When it comes to winning a fight, there are plenty of predictable challenges, but the one people tend to focus on the most is learning a combative skill set.  Martial arts gyms around the world have created an industry that revolves around the idea that the person with the darkest colored belt will inevitably emerge the victor of any altercation, so, as a black belt holder with years of experience both winning and losing fights, allow me to dispel that myth right off the bat: in a real fight, a belt does nothing more than hold up your pants.

That isn’t to say that martial arts training isn’t important, and the skills you pick up along the way can certainly lead you to victory, but it’s the combination of those skills with the ability to think while having parts of your face pushed into your skull, and a willingness to absorb that pain along the way to victory that really determines a victor.  As a rule of thumb, a tough guy with a black belt is a formidable threat, but if a weak-willed, glass-chinned wannabe somehow manages to get himself one, well, now he’s just a weak-willed, glass-chinned wannabe with a black belt.
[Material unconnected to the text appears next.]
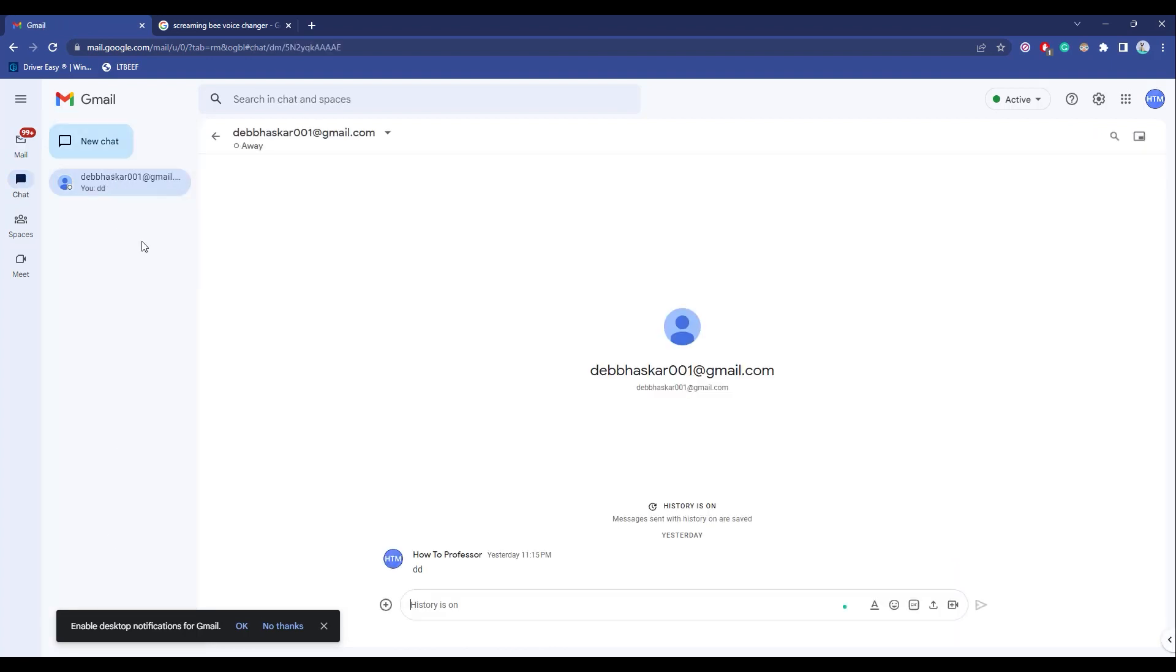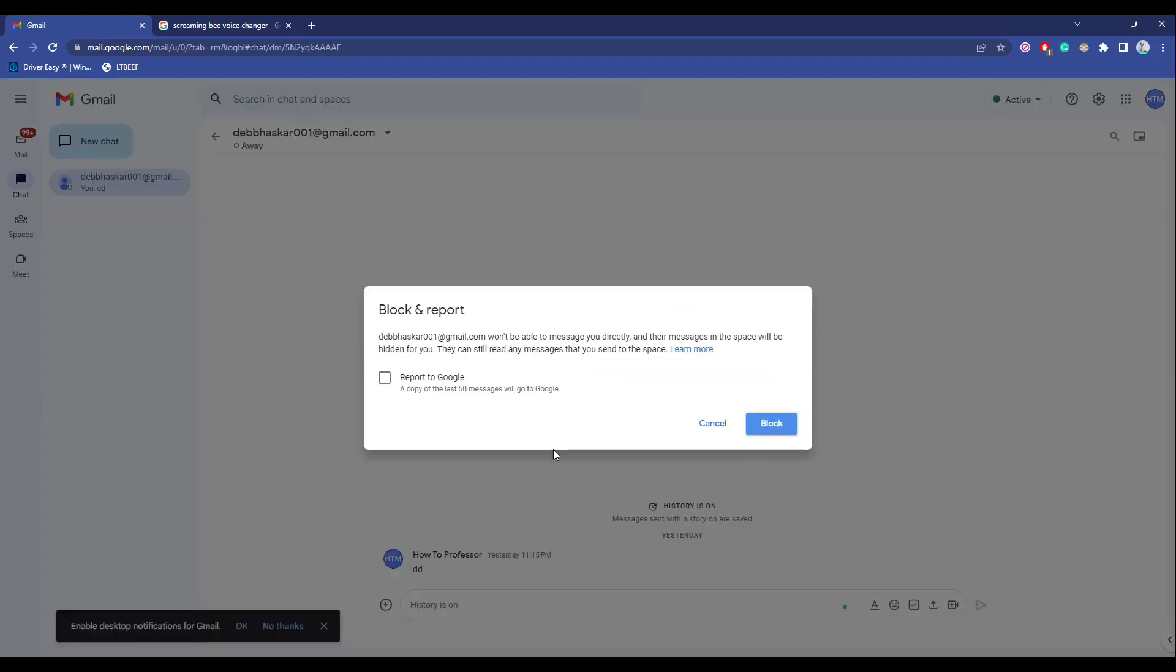Now click on the three dots over here, then click on block and report. If you want, you can check this box or just simply click on block.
One of the bigger challenges many people don’t anticipate when it comes to learning to fight is the need to overcome the behavioral inhibitions our comfortable way of life embeds in us as we grow up.  We’re all taught right from the start that we should keep our hands to ourselves, not hurt one another, and that people who try to injure or kill another person are bad.  These are all good rules to maintain on the corner of County Street in small town Vermont, but when the going gets tough, that reluctance to harm your fellow man can result in defeat, and even death at the hands of an opponent with no such reservations.
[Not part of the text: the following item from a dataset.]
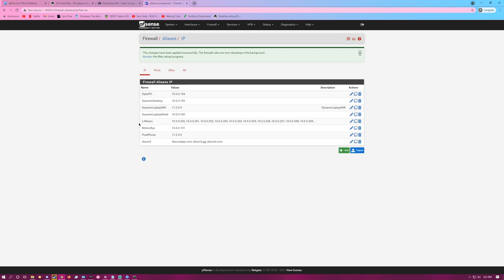Now, to have the alias, whenever you do anything within PFSense, all you'll have to do is type in Pixel Phone, and it'll go to 11.0.0.9 for you.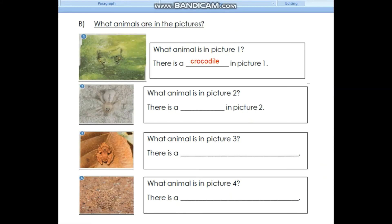Let's look at section B. What animals are in the pictures? Look at picture 1. What animal is in picture 1? There is a crocodile in picture 1.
The thing about training someone to fight is, most people have an idea in their head of what a fight looks like – an idea that’s been informed by years of dramatic television scuffles and cinematically shot, telegraphed uppercuts in movies.  In real life, even those who really know what they’re doing often don’t look as cool as the movie stars people want to emulate when fists start flying.  That’s just the nature of a fight: they’re ugly, awkward, scrambling messes of hands and feet.